Fernanda B., 13 anos, acha que passa "em torno de 40% de um dia" em seu quarto. Ela diz que só não fica mais ali dentro porque não passa muito tempo em casa. E que, quando está lá, gosta de usar o celular e dormir.

"Não tranco [a porta], nem tranca tem", ri. No quarto de Fernanda, os adultos precisam bater antes de entrar. Ela prefere assim, para ter "mais privacidade". "Eu saio para as refeições ou para sair de casa, quando vou pra escola etc."

Ela diz que seus responsáveis reclamam desse isolamento. "Acho que eles têm razão, mas algumas vezes eu estou cansada e só quero um tempo sozinha. Eles acham que nós não estamos aproveitando a vida direito. Às vezes, é melhor me deixar um pouco no quarto, pois depois vou sair. Ficar insistindo só me dá mais vontade de ficar lá dentro."

"Geração do quarto" é o nome que o educador e psicólogo Hugo Monteiro Ferreira dá aos adolescentes que, como Pedro e Fernanda, preferem passar horas no quarto em vez de conviver com os adultos da casa em outros cômodos.

Ele entrevistou 3.115 jovens entre 11 e 18 anos em cinco capitais brasileiras e escreveu um livro sobre a pesquisa.
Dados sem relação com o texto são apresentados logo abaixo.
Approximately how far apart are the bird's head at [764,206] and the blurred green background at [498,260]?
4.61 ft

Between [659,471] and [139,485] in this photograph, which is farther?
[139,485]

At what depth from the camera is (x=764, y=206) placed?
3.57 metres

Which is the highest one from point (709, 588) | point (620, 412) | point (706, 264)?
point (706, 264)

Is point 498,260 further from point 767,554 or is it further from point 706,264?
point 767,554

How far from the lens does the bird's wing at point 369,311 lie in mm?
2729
As atividades favoritas entre os adolescentes ouvidos são: ficar na internet, assistir a séries no streaming, conversar no WhatsApp, participar de games e ler livros.
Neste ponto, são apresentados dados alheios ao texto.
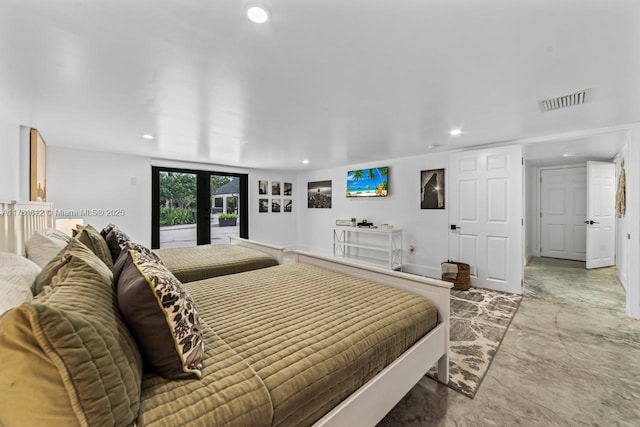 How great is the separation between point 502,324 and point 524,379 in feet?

"No quarto, esses meninos e meninas sentem pertencimento. Ficar no quarto, separado da família, é não precisar disfarçar sua orientação sexual, sua opinião política, seu medo de fracasso, seu anseio por liberdade, sua confusão mental, sua vontade de descobertas. O quarto é um lugar mais aconchegante do que os locais nos quais sempre há alguém a quem dar satisfação", diz Hugo em entrevista ao Folhateen.

Claro que em todas as gerações sempre foi comum que os jovens curtissem seu cantinho da paz —atualmente, com quartos ainda mais cheios de eletrônicos, o apelo é ainda maior. Mas vale saber que, se os adolescentes são sempre parecidos, os adultos também são, e podem repetir antigos padrões.
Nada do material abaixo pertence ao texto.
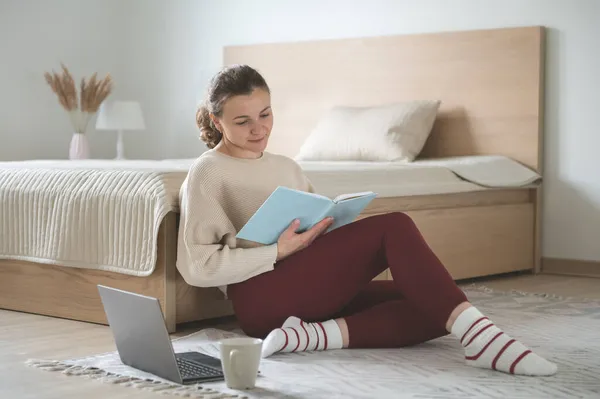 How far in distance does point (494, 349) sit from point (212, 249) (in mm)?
744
"Alguns [adultos] são negligentes e nem se importam, acham até bom, pois os livra de responsabilidades. Outros, autoritários, veem como uma afronta, um desrespeito, uma desobediência, e querem arrancar os meninos do quarto e ameaçam punições e castigos. Há adultos que entendem que faz parte da idade, e que, quando o tempo passar, as coisas vão mudar. Estes não são negligentes, são permissivos", diz Hugo.

"E há os adultos que percebem que algo não vai bem, que ficar tempo tanto no quarto, usar excessivamente as telas, evitar contatos sociais e falar quase nada sinaliza que é preciso chegar perto, tentar ouvir, puxar conversa, saber o que se passa. De modo geral, esse último exemplo de adulto pede ajuda para ajudar o adolescente que está no quarto."

O que preocupa Hugo é a saúde mental dos adolescentes. Ele escreve em "A Geração do Quarto - Quando Crianças e Adolescentes nos Ensinam a Amar" (ed. Record, R$ 49,90, 154 páginas) que nem sempre quem passa muito tempo dentro do quarto sofre de ansiedade e depressão, mas que, quando há ou houve episódios de bullying, autolesão ou algo do tipo, aí uma luz amarela pode se acender.

"É preciso saber discernir. No primeiro caso, estar no quarto é um ato comum para pessoas que buscam privacidade. No segundo caso, estar no quarto implica comportamento autodestrutivo e sintomatologia depressiva. Nesse caso, o quarto é um pedido de socorro, um quadro preocupante que precisa ser acompanhado."

Se você se identifica com este segundo grupo e sente que talvez precise de ajuda, converse com um responsável em quem confie, seja um familiar ou alguém da escola. E, se sentir que há espaço para trocar ideia em casa, ensine à sua família o que você gostaria de ter quando sai um pouco do seu quarto.

"É importante que os jovens se sintam respeitados, que sejam ouvidos e possam expressar opinião. Eles querem sair do quarto, o problema é que, quando saem, não encontram fora o que têm encontrado dentro", afirma Hugo.